E foi essa saudade que transbordou quando convidado a contribuir
num blog espertamente chamado Matutando o Brasil. E as primeiras saudades são
musicais.
Minha geração
nasceu na ditadura e se descobriu adolescente quando o Brasil se descobria
democracia. Fizemos a ponte da Bossa Nova para a música de protesto dos
festivais e daí para o rock nacional anos 80. Na nossa casa tínhamos aspirações
de classe ilustrada com as finanças de proletariado - quem cresceu nessa época
conhece bem essa palavra, quem não cresceu pode ir ao Aurélio ou ao
Google. Então tínhamos que ser seletivos
na discografia. Os discos - os chamados LPs - que não sabíamos ser long play - formavam então a nossa
trilha sonora pessoal, para momentos de conquista ou mais frequentemente para
momentos de dor-de-cotovelo.
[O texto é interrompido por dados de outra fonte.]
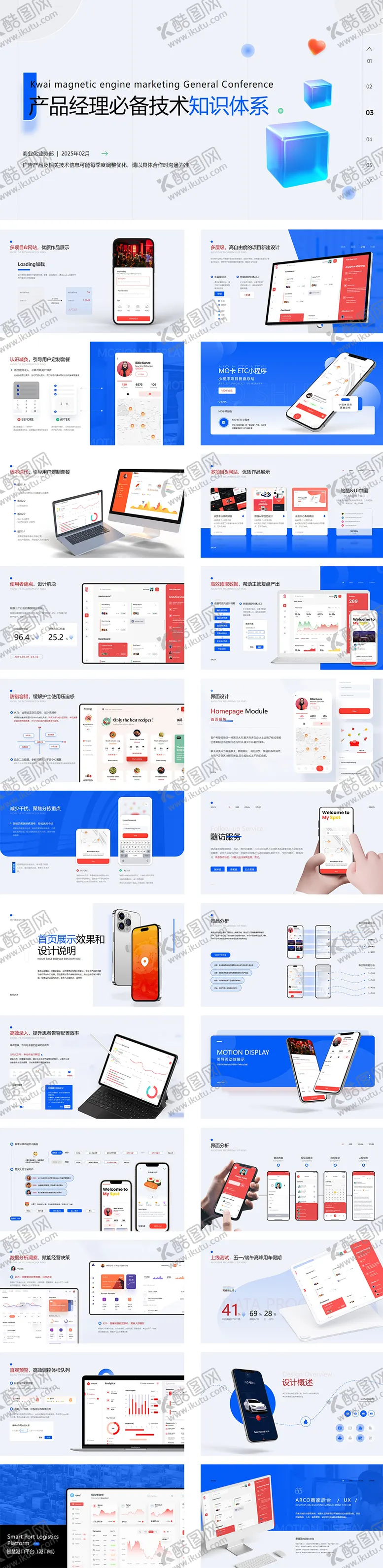 编号：98209102280357312323【酷图网】源文件下载-互联网UI平面设计晋升作品集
Não sei se essa pode ser a trilha sonora de uma
geração mas certamente foi a trilha sonora de um grupo de jovens criados ali
pelas imediações da Santos Dummont com Barão de Aracati, circa 1980.
Foi
justamente na entrada desse ano que a Simone gravou um show ao vivo no Canecão e gerou um belíssimo registro,
incluindo pérolas como Jura Secreta – Só
uma palavra me devora, aquela que meu coração não diz; Começar de Novo – sem contar contigo, vai valer a pena, ter amanhecido; Sob Medida meu amigo, se ajeite comigo e de graças a
Deus - numa mistura magistral com Orgulho, Vingança, e Matriz ou Filial,
fechando o Lado A com Não Sonho Mais – foi
um sonho medonho desses que as vezes a gente sonha. O lado B começava com
Maria, Maria - que anos depois iria eleger uma prefeita de Fortaleza; seguindo
para Cigarra e para a até então censurada Para Não Dizer que Não Falei das
Flores - conhecida como Caminhando e Cantando e a primeira música que se
aprendia no violão pois só tem dois acordes Mi menor e Ré maior; daí partia
para Aquarela do Brasil e depois Eu To Voltando. Outro LP que marcou nosso
juízo foi o Mel da Maria Bethânia, com a forte sensualidade dos
Lábios de Mel, Cheiro de Amor, Amando Sobre os Jornais, e ainda Grito de Alerta
do Gonzaguinha. Ainda dessa geração
tínhamos coisa do Vinícius - cantando com Toquinho e Maria Creusa - sobre a Tarde de Itapoã e aquele velho calção de banho.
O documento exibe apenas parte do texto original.